AfD will Russland künftig explizit in Europas Sicherheit eingebunden sehen

Die Bundesprogrammkommission der AfD hat sich offenbar darauf verständigt, in ihrem überarbeiteten Grundsatzprogramm festzuhalten: Ohne Russlands Einbindung bleibt eine dauerhafte europäische Sicherheitsordnung unerreichbar.

heute 19:36 Uhr | 2 mal gelesen

Laut Recherchen aus dem "Inside AfD"-Podcast von Politico sind etliche Abschnitte des neuen Grundsatzprogramms der AfD bereits intern abgenickt worden. Die Kommission setzt sich aus Vertretern verschiedener Parteiebenen zusammen – vom Bundesvorstand bis zu den Fachgremien. Was das Bündnis angeht, soll Deutschland weiterhin an der Nato festhalten – allerdings nur, sofern diese sich streng auf ihre Rolle als Verteidigungsallianz beschränkt, so heißt es sinngemäß im Entwurf. Neu im Vergleich zu früheren Versionen ist die Forderung, das europäische Standbein der Allianz zu stärken – praktisch eine Verschiebung der Schwerpunkte, weniger Gewicht für die USA, mehr Eigenständigkeit für Europa. Außerdem steht erneut zur Diskussion, alle noch in Deutschland stationierten alliierten Soldaten und Atomwaffen abzuziehen. Die Wehrpflicht – ein alter Hut in AfD-Programmen – bleibt ebenfalls Teil der Forderungen. Interessant hier: Das Grundrecht auf Kriegsdienstverweigerung soll laut Tino Chrupalla und Jörg Urban explizit Erwähnung finden, und das auch im Falle von Verteidigungsmaßnahmen. Die Beratungen sind noch nicht abgeschlossen. Es bleibt abzuwarten, wie die Basismitglieder und der Parteitag im kommenden Jahr reagieren werden.

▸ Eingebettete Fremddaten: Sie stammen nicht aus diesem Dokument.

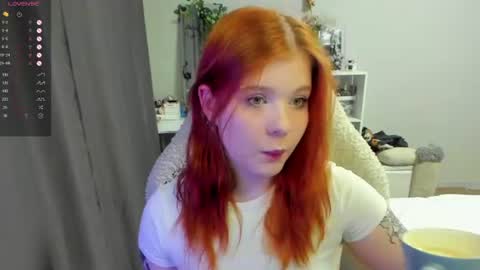 Snapshot of vivy_ chatting on June 19, 8:23 pm chatur babes online show from June 19, 8:23 pm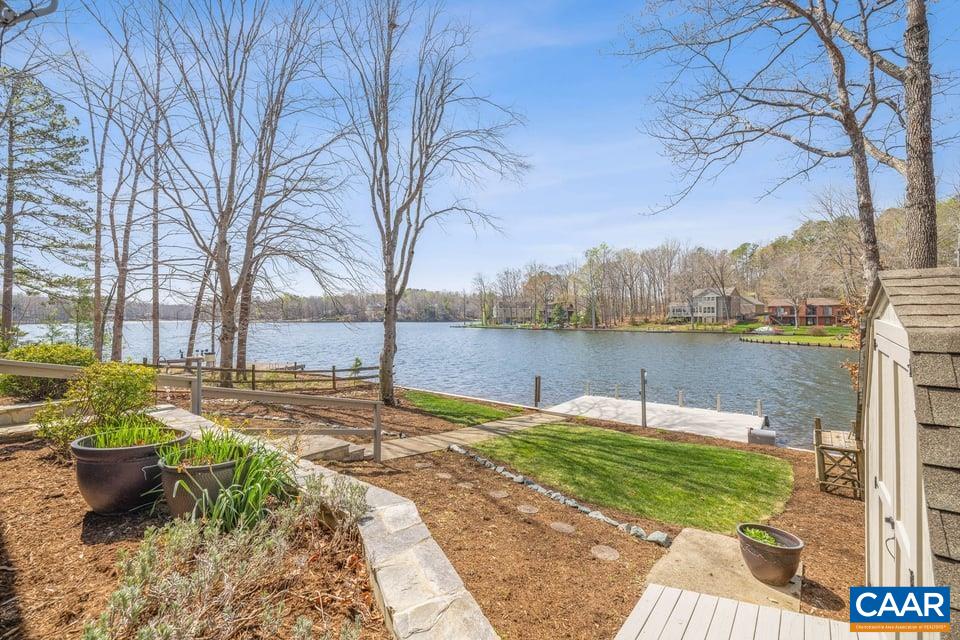 27 ASHLAWN BLVD, PALMYRA, Virginia 22963, 5 Bedrooms Bedrooms, ,3 BathroomsBathrooms,Residential,27 ASHLAWN BLVD,675287 MLS # 675287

Die AfD arbeitet an einer klaren programmatischen Neuausrichtung ihrer außen- und sicherheitspolitischen Linie: Russland soll als unentbehrlicher Akteur einer künftigen europäischen Sicherheitsstruktur benannt werden. Die Partei hält zwar am NATO-Bündnis fest, will jedoch Europas Unabhängigkeit innerhalb der Allianz ausbauen und fordert nach wie vor einen Truppen- und Atomwaffenabzug. Auch das Thema Wehrpflicht bleibt, diesmal mit besonderem Verweis auf das Grundrecht der Kriegsdienstverweigerung, prominenter Bestandteil der Debatte. Ergänzend zeigt eine Auswertung aktueller Medienquellen, dass die AfD mit ihrer Russlandaussage auf scharfe Kritik stößt, besonders angesichts des anhaltenden Krieges gegen die Ukraine. Diverse Politikwissenschaftler*innen betrachten diese Positionierung als Versuch, sich von der traditionellen Westbindung Deutschlands abzusetzen und gezielt mit russlandfreundlicher Rhetorik zu polarisieren. Berichte sprechen außerdem von Rissen innerhalb der Partei, da nicht alle Mitglieder hinter der Russland-Strategie stehen.